Index: lib/Transforms/Utils/SimplifyCFG.cpp
===================================================================
--- lib/Transforms/Utils/SimplifyCFG.cpp
+++ lib/Transforms/Utils/SimplifyCFG.cpp
@@ -5490,17 +5490,6 @@
   return true;
 }
 
-static bool isSwitchDense(ArrayRef<int64_t> Values) {
-  // See also SelectionDAGBuilder::isDense(), which this function was based on.
-  uint64_t Diff = (uint64_t)Values.back() - (uint64_t)Values.front();
-  uint64_t Range = Diff + 1;
-  uint64_t NumCases = Values.size();
-  // 40% is the default density for building a jump table in optsize/minsize mode.
-  uint64_t MinDensity = 40;
-
-  return NumCases * 100 >= Range * MinDensity;
-}
-
 /// Try to transform a switch that has "holes" in it to a contiguous sequence
 /// of cases.
 ///
@@ -5512,6 +5501,7 @@
 static bool ReduceSwitchRange(SwitchInst *SI, IRBuilder<> &Builder,
                               const DataLayout &DL,
                               const TargetTransformInfo &TTI) {
+  bool MadeChanges = false;
   auto *CondTy = cast<IntegerType>(SI->getCondition()->getType());
   if (CondTy->getIntegerBitWidth() > 64 ||
       !DL.fitsInLegalInteger(CondTy->getIntegerBitWidth()))
@@ -5521,49 +5511,53 @@
   if (SI->getNumCases() < 4)
     return false;
 
-  // This transform is agnostic to the signedness of the input or case values. We
-  // can treat the case values as signed or unsigned. We can optimize more common
-  // cases such as a sequence crossing zero {-4,0,4,8} if we interpret case values
-  // as signed.
-  SmallVector<int64_t,4> Values;
+  SmallVector<uint64_t,4> Values;
   for (auto &C : SI->cases())
-    Values.push_back(C.getCaseValue()->getValue().getSExtValue());
+    Values.push_back(C.getCaseValue()->getLimitedValue());
   llvm::sort(Values);
 
-  // If the switch is already dense, there's nothing useful to do here.
-  if (isSwitchDense(Values))
-    return false;
-
-  // First, transform the values such that they start at zero and ascend.
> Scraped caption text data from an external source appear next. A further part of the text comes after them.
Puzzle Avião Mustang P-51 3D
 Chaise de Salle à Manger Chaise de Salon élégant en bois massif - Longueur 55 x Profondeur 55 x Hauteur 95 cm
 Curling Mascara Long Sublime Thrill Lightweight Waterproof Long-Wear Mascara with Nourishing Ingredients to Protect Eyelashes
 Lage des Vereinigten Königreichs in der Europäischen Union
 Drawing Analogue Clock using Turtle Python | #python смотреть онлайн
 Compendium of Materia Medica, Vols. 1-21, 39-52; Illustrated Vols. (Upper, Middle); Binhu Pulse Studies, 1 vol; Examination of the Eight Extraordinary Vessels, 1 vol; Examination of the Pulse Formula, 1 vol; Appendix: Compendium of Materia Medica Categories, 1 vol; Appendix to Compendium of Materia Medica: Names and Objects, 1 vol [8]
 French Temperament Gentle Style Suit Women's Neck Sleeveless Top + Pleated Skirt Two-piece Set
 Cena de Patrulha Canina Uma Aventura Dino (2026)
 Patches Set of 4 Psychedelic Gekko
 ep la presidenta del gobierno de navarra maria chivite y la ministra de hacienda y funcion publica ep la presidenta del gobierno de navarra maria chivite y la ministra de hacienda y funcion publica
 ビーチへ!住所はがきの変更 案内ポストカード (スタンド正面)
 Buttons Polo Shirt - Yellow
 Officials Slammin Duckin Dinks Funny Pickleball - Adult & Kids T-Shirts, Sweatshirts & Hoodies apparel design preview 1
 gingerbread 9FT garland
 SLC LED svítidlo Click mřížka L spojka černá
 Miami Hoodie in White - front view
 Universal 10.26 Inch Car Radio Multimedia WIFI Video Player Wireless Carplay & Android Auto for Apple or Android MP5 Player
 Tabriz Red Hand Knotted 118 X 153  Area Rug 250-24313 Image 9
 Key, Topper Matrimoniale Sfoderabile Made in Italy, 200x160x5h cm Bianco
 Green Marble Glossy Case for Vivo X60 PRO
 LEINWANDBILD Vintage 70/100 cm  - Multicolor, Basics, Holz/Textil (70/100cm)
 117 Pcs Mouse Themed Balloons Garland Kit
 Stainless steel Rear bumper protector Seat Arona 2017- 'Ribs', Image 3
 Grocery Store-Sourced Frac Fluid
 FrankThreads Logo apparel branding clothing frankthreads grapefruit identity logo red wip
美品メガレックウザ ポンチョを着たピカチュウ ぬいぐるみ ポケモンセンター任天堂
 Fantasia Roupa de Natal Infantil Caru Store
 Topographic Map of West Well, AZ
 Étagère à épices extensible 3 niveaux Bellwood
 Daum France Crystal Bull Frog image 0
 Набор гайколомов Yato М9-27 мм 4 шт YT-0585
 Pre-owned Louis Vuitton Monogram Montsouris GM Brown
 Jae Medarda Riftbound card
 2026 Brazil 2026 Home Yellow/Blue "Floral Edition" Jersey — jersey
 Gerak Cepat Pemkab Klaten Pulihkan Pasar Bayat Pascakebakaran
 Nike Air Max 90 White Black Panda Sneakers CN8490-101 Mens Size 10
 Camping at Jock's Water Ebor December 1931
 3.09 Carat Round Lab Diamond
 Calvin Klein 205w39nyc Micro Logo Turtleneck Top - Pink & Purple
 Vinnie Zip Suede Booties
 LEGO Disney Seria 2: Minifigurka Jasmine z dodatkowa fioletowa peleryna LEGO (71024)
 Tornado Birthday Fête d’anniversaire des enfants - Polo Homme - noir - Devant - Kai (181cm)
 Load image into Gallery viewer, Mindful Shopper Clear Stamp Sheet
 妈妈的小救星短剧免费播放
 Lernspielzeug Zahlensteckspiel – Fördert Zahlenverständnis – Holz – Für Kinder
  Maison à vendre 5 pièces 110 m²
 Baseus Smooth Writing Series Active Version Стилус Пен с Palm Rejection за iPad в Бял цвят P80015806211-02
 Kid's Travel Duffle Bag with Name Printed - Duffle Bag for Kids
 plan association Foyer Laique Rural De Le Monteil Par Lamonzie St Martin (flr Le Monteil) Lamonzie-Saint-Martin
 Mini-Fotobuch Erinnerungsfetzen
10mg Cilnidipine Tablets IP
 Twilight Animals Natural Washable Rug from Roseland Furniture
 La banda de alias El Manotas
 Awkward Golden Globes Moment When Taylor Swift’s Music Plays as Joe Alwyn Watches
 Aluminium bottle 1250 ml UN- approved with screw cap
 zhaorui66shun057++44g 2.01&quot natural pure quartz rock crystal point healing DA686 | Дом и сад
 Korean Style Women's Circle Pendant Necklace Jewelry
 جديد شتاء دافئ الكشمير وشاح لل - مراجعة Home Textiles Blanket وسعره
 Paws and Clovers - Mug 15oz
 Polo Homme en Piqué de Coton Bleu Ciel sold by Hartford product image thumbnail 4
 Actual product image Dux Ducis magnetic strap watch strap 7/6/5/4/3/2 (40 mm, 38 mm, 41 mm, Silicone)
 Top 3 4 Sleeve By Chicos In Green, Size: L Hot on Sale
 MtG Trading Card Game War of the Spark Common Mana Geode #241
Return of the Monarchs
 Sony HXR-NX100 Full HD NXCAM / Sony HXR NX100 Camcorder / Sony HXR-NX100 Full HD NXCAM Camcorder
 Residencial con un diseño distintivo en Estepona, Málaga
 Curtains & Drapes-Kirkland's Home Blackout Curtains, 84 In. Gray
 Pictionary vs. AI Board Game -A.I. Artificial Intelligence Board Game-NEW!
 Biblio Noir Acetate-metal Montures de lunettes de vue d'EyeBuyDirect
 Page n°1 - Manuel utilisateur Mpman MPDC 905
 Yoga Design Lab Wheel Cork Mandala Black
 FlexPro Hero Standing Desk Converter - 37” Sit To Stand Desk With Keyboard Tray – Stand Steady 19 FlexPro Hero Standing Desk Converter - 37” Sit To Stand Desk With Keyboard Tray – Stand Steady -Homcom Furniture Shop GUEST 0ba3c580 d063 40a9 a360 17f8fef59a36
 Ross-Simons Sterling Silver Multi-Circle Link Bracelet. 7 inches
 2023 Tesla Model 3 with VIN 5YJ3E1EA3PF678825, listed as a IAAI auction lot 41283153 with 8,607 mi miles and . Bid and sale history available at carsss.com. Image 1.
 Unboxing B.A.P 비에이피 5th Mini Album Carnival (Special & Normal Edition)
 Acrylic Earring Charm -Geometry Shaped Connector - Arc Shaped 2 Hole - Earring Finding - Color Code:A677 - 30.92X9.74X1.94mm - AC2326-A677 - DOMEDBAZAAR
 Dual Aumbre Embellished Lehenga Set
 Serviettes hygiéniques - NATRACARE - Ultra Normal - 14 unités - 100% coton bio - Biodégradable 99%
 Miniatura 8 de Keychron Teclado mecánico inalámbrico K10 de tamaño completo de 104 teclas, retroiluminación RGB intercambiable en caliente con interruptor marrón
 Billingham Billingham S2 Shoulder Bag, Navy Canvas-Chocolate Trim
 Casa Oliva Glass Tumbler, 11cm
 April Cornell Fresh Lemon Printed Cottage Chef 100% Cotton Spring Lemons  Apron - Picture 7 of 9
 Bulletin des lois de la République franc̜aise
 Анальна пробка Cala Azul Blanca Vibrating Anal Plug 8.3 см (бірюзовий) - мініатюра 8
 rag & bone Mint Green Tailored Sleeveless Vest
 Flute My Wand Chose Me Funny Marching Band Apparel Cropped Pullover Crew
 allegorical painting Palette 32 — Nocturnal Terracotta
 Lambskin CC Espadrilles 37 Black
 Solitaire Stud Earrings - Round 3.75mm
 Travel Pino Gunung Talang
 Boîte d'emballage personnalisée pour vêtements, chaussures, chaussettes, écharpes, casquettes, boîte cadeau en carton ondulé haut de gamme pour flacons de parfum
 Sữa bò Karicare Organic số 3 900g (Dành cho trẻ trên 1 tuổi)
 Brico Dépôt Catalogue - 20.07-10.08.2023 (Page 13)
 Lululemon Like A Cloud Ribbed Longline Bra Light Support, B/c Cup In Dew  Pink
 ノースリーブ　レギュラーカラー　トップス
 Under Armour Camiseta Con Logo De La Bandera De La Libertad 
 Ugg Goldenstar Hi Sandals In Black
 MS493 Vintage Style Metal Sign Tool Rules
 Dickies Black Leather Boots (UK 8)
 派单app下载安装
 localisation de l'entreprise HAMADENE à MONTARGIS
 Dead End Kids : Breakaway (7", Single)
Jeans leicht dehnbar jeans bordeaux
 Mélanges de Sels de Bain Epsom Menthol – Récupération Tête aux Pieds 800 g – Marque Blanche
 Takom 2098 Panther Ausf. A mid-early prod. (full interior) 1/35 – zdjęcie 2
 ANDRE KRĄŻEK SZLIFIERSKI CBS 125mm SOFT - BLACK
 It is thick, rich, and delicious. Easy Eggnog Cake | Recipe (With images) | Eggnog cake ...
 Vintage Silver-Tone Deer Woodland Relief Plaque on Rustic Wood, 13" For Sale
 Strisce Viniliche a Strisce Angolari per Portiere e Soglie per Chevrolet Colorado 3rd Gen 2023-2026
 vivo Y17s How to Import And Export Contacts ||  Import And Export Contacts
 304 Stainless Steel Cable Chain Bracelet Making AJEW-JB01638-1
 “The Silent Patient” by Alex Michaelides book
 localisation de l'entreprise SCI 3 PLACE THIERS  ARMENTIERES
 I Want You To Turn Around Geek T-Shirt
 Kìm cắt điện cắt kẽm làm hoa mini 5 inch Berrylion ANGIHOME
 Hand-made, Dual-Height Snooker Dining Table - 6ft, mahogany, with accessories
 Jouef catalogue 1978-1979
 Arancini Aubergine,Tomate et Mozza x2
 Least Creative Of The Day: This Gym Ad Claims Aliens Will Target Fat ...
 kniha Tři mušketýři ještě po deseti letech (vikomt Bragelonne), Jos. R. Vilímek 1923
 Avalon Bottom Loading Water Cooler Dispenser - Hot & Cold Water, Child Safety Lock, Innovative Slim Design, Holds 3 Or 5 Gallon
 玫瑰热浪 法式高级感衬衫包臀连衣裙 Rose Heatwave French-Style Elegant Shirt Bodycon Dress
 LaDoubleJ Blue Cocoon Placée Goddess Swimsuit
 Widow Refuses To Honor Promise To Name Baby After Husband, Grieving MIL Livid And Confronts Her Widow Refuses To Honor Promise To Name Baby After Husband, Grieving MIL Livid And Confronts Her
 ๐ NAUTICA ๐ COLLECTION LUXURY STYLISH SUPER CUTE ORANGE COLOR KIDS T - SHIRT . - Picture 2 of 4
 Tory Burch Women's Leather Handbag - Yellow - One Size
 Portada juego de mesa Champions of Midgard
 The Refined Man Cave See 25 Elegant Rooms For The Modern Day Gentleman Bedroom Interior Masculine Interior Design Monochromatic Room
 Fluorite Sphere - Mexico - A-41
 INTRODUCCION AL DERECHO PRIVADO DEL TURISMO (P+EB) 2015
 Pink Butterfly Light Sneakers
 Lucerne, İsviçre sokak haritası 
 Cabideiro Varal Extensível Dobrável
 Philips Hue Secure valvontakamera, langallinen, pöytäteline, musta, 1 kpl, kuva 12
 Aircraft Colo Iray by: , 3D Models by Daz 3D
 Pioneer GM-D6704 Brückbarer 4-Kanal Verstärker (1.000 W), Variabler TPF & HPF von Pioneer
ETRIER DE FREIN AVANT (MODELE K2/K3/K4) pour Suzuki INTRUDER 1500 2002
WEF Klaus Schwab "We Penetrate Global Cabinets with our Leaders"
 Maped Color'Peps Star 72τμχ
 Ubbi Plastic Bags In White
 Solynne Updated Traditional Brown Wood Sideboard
-  int64_t Base = Values[0];
-  for (auto &V : Values)
-    V -= (uint64_t)(Base);
+  // Find the element that has the most distance from it's previous, wrapping around.
+  uint64_t BestDistance = APInt::getMaxValue(CondTy->getIntegerBitWidth()).getLimitedValue() -
+    Values.back() + Values.front() + 1;
+  unsigned BestIndex = 0;
+  for (unsigned i = 1;i != Values.size();i++) {
+    if (Values[i] - Values[i-1] > BestDistance) {
+      BestIndex = i;
+      BestDistance = Values[i] - Values[i-1];
+    }
+  }
 
-  // Now we have signed numbers that have been shifted so that, given enough
-  // precision, there are no negative values. Since the rest of the transform
-  // is bitwise only, we switch now to an unsigned representation.
-  uint64_t GCD = 0;
-  for (auto &V : Values)
-    GCD = GreatestCommonDivisor64(GCD, (uint64_t)V);
+  uint64_t Base = Values[BestIndex];
+  // Now transform the values such that they start at zero and ascend.
+  if ((BestDistance > (SI->getFunction()->hasOptSize() ? 2 : 8)) &&
+    (BestIndex != 0 || Values[0] != 0)) {
+    MadeChanges = true;
+    for (auto &V : Values)
+      V -= Base;
+  }
 
   // This transform can be done speculatively because it is so cheap - it results
-  // in a single rotate operation being inserted. This can only happen if the
-  // factor extracted is a power of 2.
-  // FIXME: If the GCD is an odd number we can multiply by the multiplicative
-  // inverse of GCD and then perform this transform.
+  // in a single rotate operation being inserted.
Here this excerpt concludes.